** Opening Data for review block **

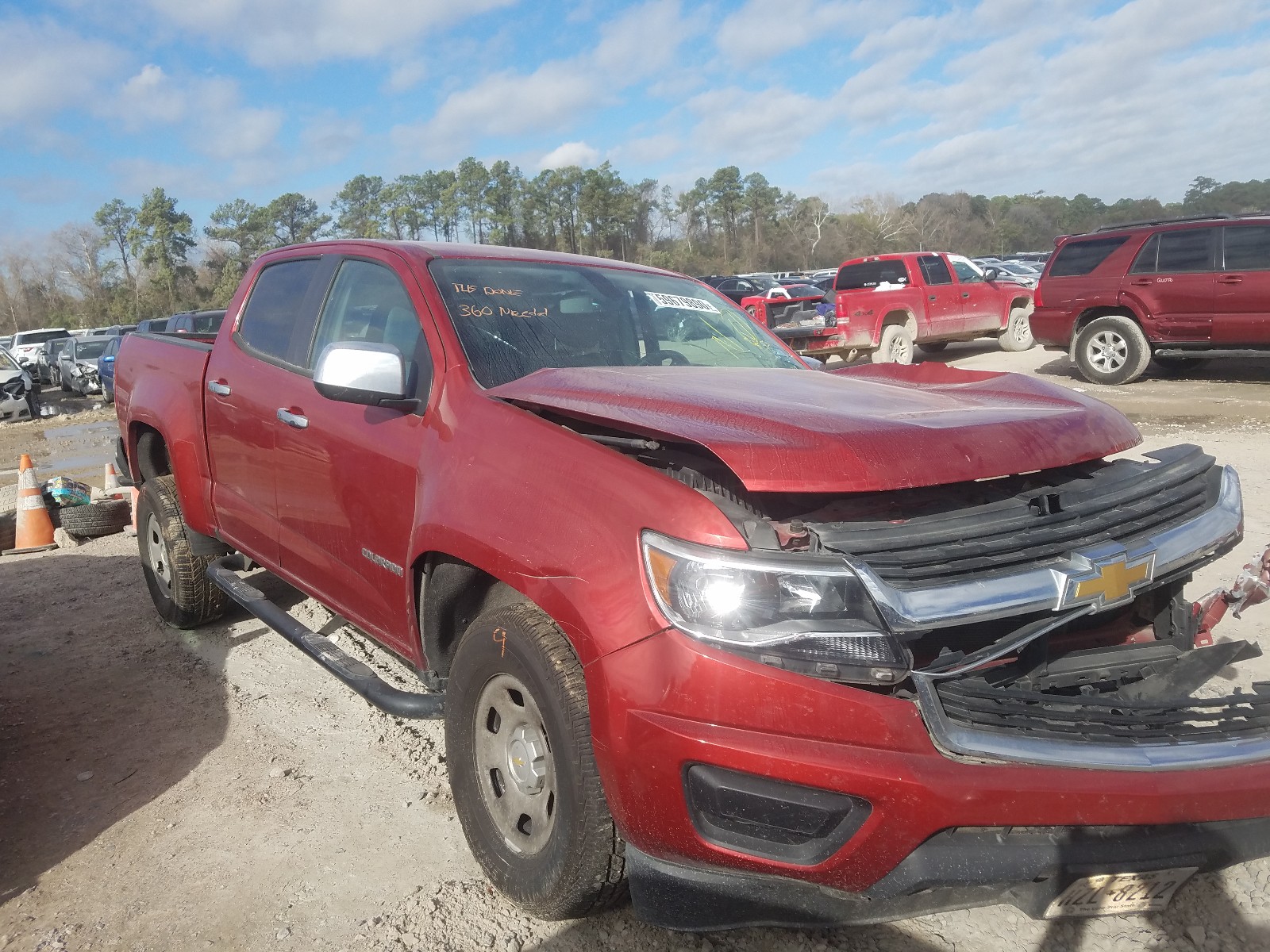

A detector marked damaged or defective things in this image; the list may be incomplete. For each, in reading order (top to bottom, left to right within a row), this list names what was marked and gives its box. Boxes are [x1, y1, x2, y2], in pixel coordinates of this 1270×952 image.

wrecked vehicle [0, 344, 38, 422]
wrecked vehicle [114, 241, 1270, 933]
crumpled hood [486, 365, 1143, 495]
damaged front end [645, 438, 1270, 765]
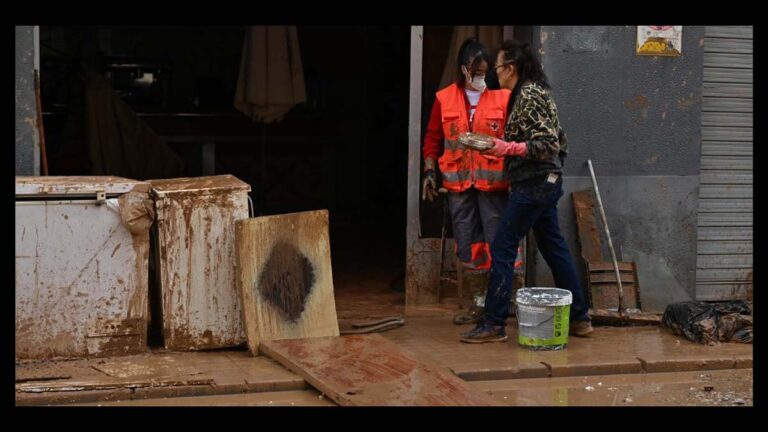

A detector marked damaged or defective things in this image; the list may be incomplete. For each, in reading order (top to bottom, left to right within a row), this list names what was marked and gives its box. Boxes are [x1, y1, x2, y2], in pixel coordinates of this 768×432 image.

rusty metal cabinet [15, 177, 153, 360]
rusty metal cabinet [152, 175, 252, 352]
dark burn mark on wood [258, 241, 316, 322]
broken wood piece [236, 208, 340, 354]
broken wood piece [260, 334, 496, 404]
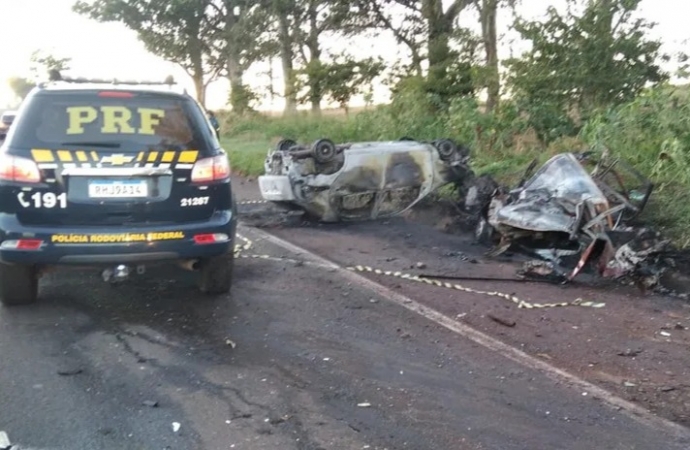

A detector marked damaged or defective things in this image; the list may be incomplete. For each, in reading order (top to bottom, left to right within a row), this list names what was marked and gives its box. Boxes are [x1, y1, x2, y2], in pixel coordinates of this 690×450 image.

exposed wheel [310, 140, 334, 164]
burned overturned car [258, 137, 472, 221]
burned car wreck [258, 137, 472, 221]
charred car body [258, 137, 472, 221]
exposed wheel [430, 138, 456, 161]
burned car wreck [470, 151, 668, 292]
charred car body [472, 150, 668, 288]
burned overturned car [470, 151, 676, 290]
exposed wheel [0, 264, 38, 306]
exposed wheel [196, 251, 234, 294]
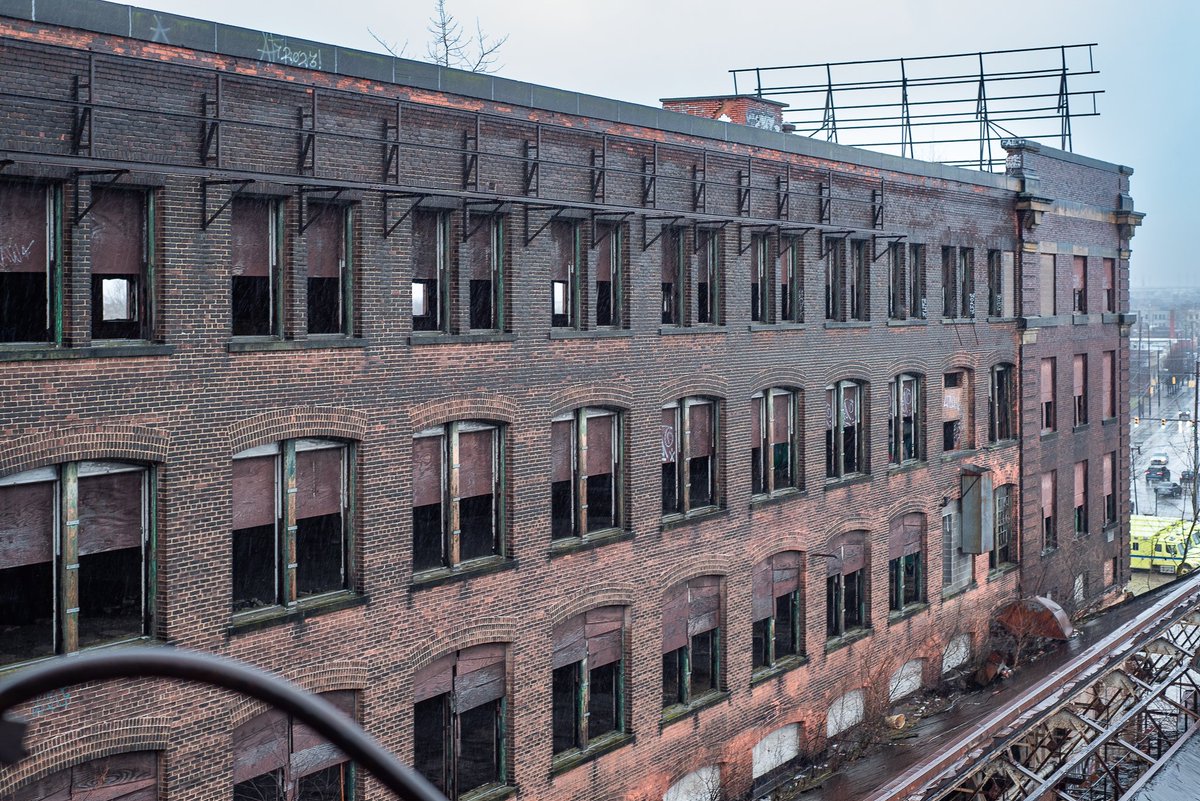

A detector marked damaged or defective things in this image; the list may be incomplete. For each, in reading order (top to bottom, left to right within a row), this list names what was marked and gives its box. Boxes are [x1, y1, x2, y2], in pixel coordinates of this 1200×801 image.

broken window [0, 181, 55, 345]
broken window [89, 189, 149, 340]
broken window [229, 200, 278, 340]
broken window [304, 205, 350, 335]
broken window [412, 209, 451, 330]
broken window [463, 212, 501, 330]
broken window [549, 220, 578, 326]
broken window [595, 221, 624, 326]
broken window [662, 225, 681, 326]
broken window [696, 226, 720, 323]
broken window [748, 231, 768, 321]
broken window [777, 236, 806, 323]
broken window [825, 235, 844, 318]
broken window [849, 239, 868, 321]
broken window [907, 244, 926, 318]
broken window [1036, 256, 1056, 318]
broken window [0, 460, 148, 666]
broken window [7, 753, 159, 801]
broken window [231, 441, 348, 609]
broken window [229, 690, 350, 801]
broken window [412, 422, 501, 573]
broken window [412, 647, 506, 796]
broken window [552, 410, 624, 541]
broken window [552, 606, 628, 757]
broken window [662, 398, 715, 515]
broken window [657, 575, 720, 714]
broken window [748, 388, 806, 494]
broken window [748, 551, 806, 671]
broken window [825, 381, 864, 479]
broken window [825, 534, 864, 642]
broken window [888, 374, 921, 462]
broken window [888, 513, 921, 613]
broken window [940, 371, 969, 453]
broken window [988, 364, 1017, 443]
broken window [988, 482, 1017, 568]
rusted metal canopy [993, 594, 1080, 637]
broken window [1041, 357, 1060, 431]
broken window [1041, 470, 1060, 551]
broken window [1075, 460, 1094, 534]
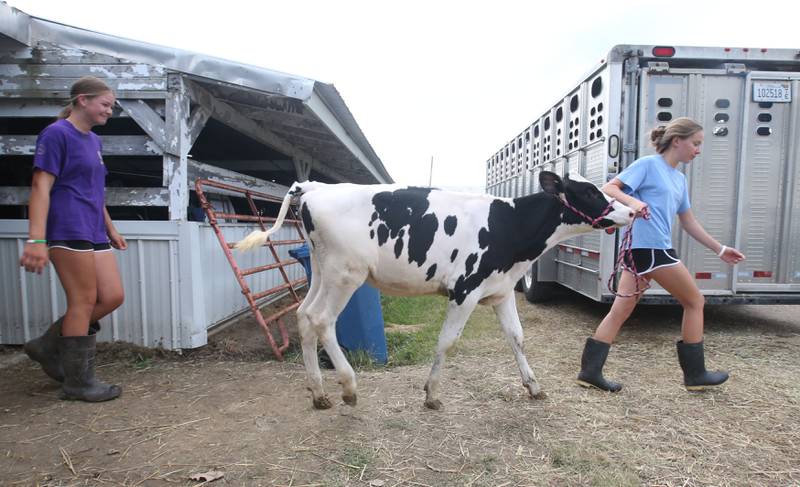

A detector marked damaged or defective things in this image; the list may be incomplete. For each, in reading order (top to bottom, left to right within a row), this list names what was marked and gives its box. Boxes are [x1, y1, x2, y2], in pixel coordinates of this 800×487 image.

rusty metal gate [194, 179, 306, 358]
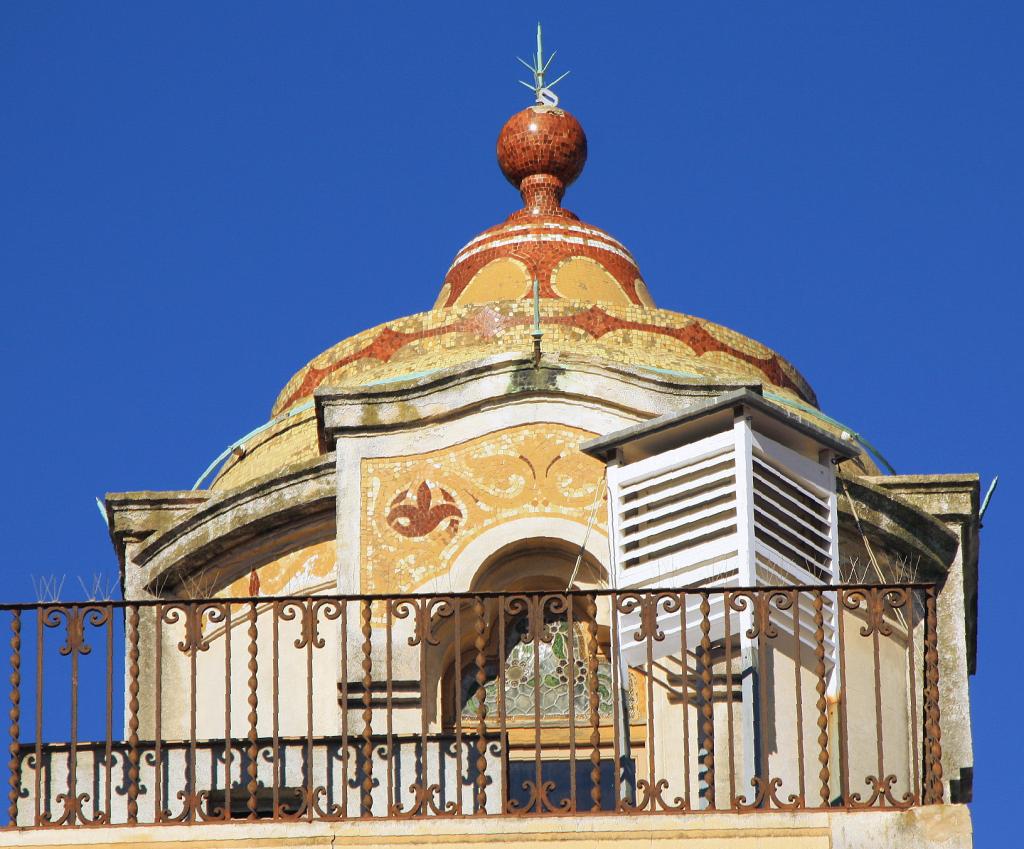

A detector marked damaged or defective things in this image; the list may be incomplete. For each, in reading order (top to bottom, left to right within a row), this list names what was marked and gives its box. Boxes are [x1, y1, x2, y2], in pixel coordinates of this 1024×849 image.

rusted balcony railing [2, 584, 944, 828]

** Closing Data for review block **

● Problem: Beginning at the line with "this 800×487 image.", reproduce each line exactly through the last line of the records above, with pictures left out.

● Solution to this problem:
A detector marked damaged or defective things in this image; the list may be incomplete. For each, in reading order (top to bottom, left to right within a row), this list names what was marked and gives its box. Boxes are [x1, y1, x2, y2], in pixel coordinates of this 800×487 image.

rusty metal gate [194, 179, 306, 358]

A detector marked damaged or defective things in this image; the list may be incomplete. For each, in reading order (top to bottom, left to right within a row), this list names what was marked and gives its box. Boxes are [x1, y1, x2, y2], in pixel coordinates of this 1024×849 image.

rusted balcony railing [2, 584, 944, 828]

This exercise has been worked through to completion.